Our summer garden has come to an end. All of the tomatoes and aubergines, pumpkins and squashes, broccoli and cauliflower have been eaten, preserved or given away.
Some of our boer goat ewes are heavily pregnant and so the task of clearing the leftovers falls to them. Here they are making short work of some cauliflower plants.
It’s now a few weeks since I took that pic. It is now midwinter and they are now eating their way through the lucerne and sericea I baled. The grey is last year’s mulch, and the yellow, this year’s contribution. The goats sort through the bale and eat all of the tasty bits, and spit out the stems and other unpalatable bits. I estimate about a quarter of the bale is turned to mulch, but that is simply a function of the amount of grass growing in the lucerne field when baled.
I will soon start making seedlings again for spring, and hopefully we should be producing abundant tomatoes again before long like last season.
Some new lambs for the new season:
So this completes a cycle where goats, lucerne, vegetables and the by products of all of them, add to the fertility of the soil, the goats, and us humans even get some benefit!
This was my first attempt at hay making for winter fodder. I had established smutsfinger grass for goat grazing purposes, and my next goal was to try to reduce our reliance on bought winter fodder.

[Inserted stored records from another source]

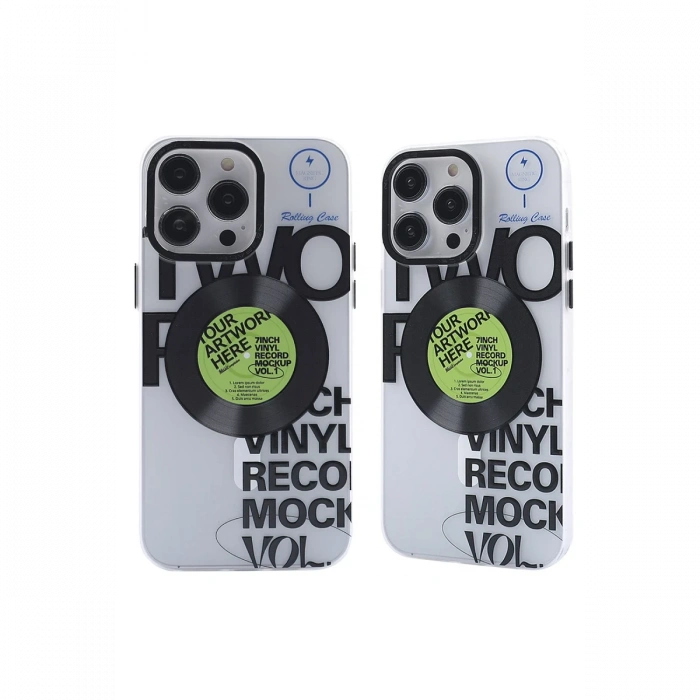 Newface iPhone 13 Pro Max Kılıf Apollo Magneticsafe Desenli Kapak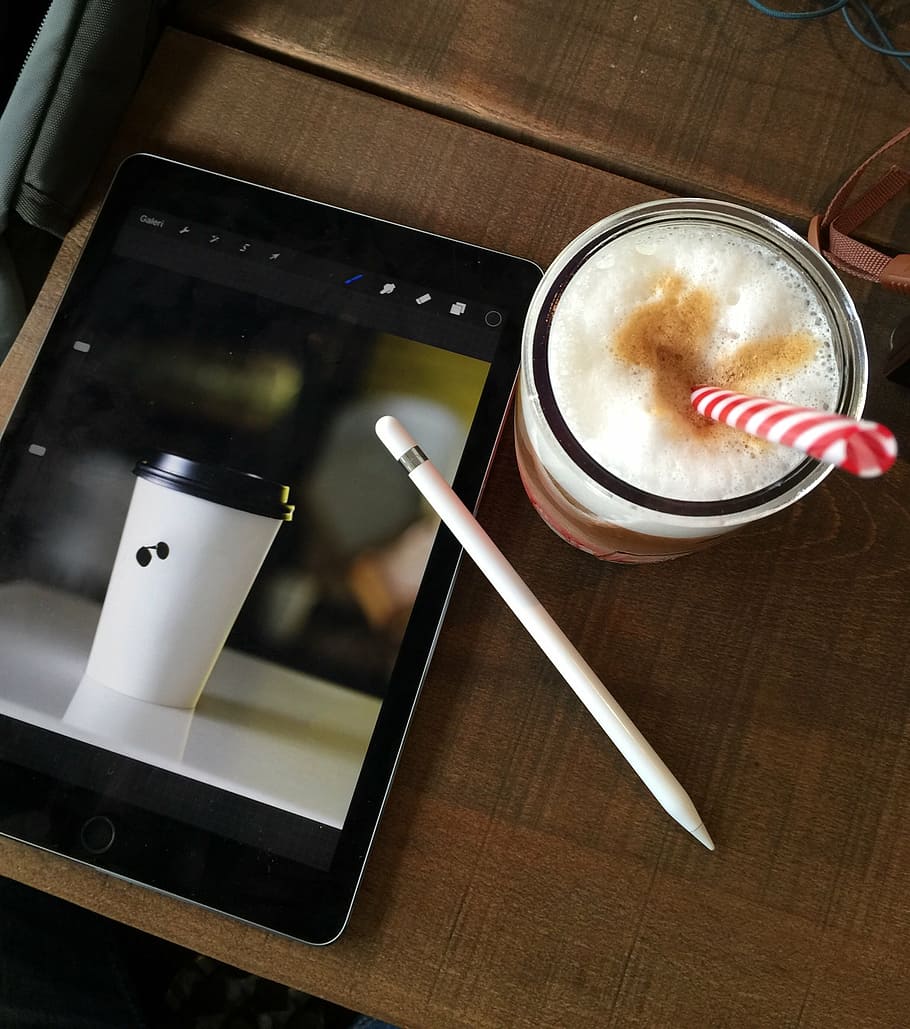apple, beverage, drink, latte, food and drink, no people, indoors HD wallpaper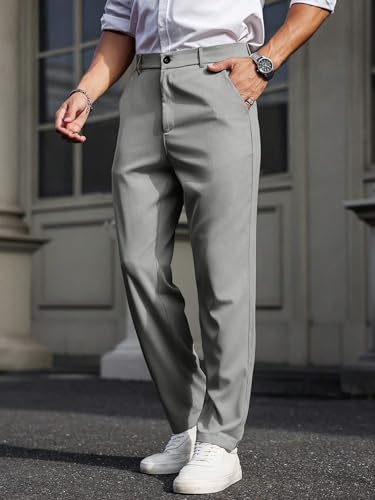 Image of Noble Monk Men's Regular Fit Mid Rise Pants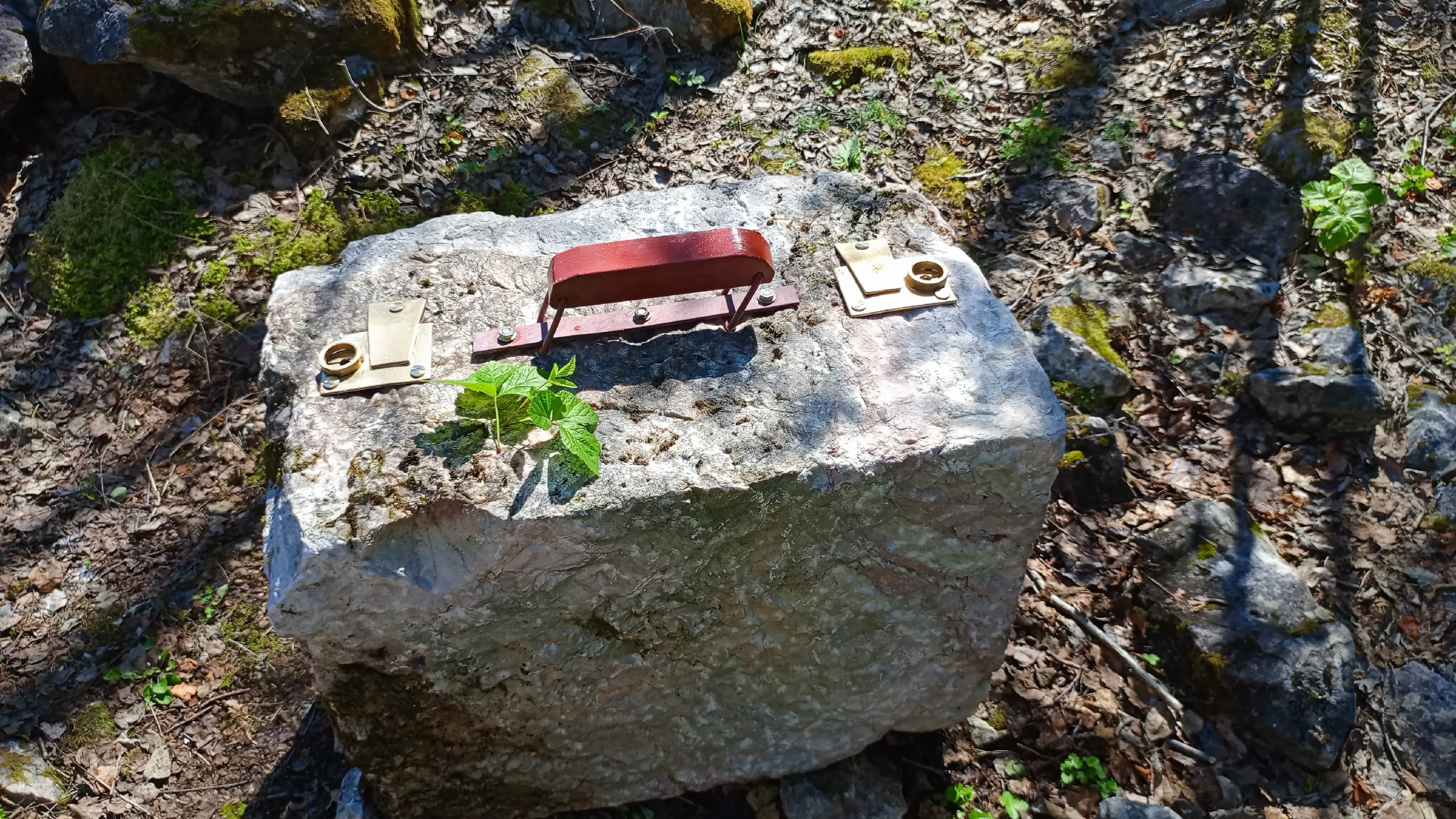 «Чемодан впечатлений» из тивдийского мрамора оставили туристам в парке Карелии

I borrowed a sickle bar mower for my tractor from a friend, and set to cutting. A sickle bar cutter is supposed to be better than a rotary slasher, as the grass is cut cleanly and not chopped into small pieces.
I left the grass on the field to dry and then hand raked it together.
I made a simple baling box out of old plywood that I had lying about. The box is slightly tapered so when you pull the bale out, it slides out easily.
Basically what you do is rake the grass together, drape strings inside the box and stuff it full with grass. A small child is then used to bounce with great delight on top to compress the bale, you then tie the string as tight as you can, and pull the bale out. The bales weren’t pretty, but they did the job. There is lovely rich sugary smell that comes from freshly baled hay! I used sisal twine to tie the bales as it is very strong and biodegradable. I didn’t want to have plastic baling twine or wire all over the farm later.
Each bale took about 5 minutes to make. I managed to make about 150, enough for a reasonably sized haystack. Here is the start of the heap.
Later I got a hay rake, and built a steel baling box with a lever to compress the bales, and still later a baling machine, but hand baling was a good experience, to really get to grips with the process.